Неверно, что при убийстве объектом преступления является «живой человек», «конкретная личность», «Иванов Иван Иванович». При всей внешней привлекательности требования рассматривать в качестве объекта преступления жизнь конкретного человека оно неверно, так как уводит от познания действительной сущности этого преступления. Эта суть заключается в том, что каждый из нас включен в защитную оболочку таких человеческих связей и отношений, для которых человек – абсолютная ценность именно потому, что он Человек. Поэтому закон охраняет жизнь каждого и всех, и его нерушимость – единственно возможный порядок жизни общества. Если объект преступления – конкретный человек, он и только он противостоит преступлению, ущерб равен утрате одной человеческой жизни. Если объект преступления – такой порядок отношений между людьми, который обеспечивает каждому его право жить, в этом случае если убийство совершено, то убит «один из нас»: «Не спрашивай, по ком звонит колокол: он звонит по тебе».
Поэтому формула «при убийстве объектом преступления являются общественные отношения, обеспечивающие и гарантирующие жизнь каждому человеку» не «теряет» человека, а показывает его действительную, измеренную в масштабах общества ценность. Если посягательство на указанный объект имело место, но смерть не наступила (промах, выстрел в труп), ответственность наступает потому, что для того, чтобы «добраться» до правового блага – жизни другого человека, преступник должен «протянуть руку» к этому благу и уже тем самым разорвать свою связь с нами.

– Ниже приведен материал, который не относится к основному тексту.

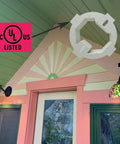 Ceiling Box Extender Kit 1 Pack Extends 3.5 Inch And 4 Inch Round Or Octagonal Electrical Boxes Up To 1.5 Inch UL Listed Plastic Ceiling Outlet Box Extension Ring installed in a decorative porch.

Если человек окажется или сам поставит себя вне круга отношений, обеспечивающих неприкосновенность его жизни, его умерщвление преступлением не является. Таково в современных условиях лишение жизни нападавшего при необходимой обороне. Такова помощь при определенных условиях самоубийце. Возможно, таковой станет эвтаназия. Значит, преступление всегда посягает на то или иное конкретное правовое благо, оцененное обществом и включенное в систему уголовно-правовой охраны. В упомянутой ранее конструкции объекта преступления, предлагаемой Г. П. Новоселовым, общество исчезает. Для него объект – это «тот, против кого оно совершается», в частности, отдельное лицо с принадлежащими ему материальными или нематериальными ценностями. При таком понимании объекта преступления вместо общества появляется хаотическое движение многих людей, и каждый из них остается один на один вместе со своими ценностями и посягающим на них преступником. Такая схема события едва ли может быть признана правильной. Соглашаясь с пониманием структуры общественных отношений, но отрицая за ним роль объекта преступления, автор стремится избежать, как он полагает, парадоксальной ситуации: субъект как элемент состава преступления существует наряду с другим элементом – объектом, в рамках же объекта преступления – общественного отношения – он становится участником общественного отношения, его «внутренним образованием».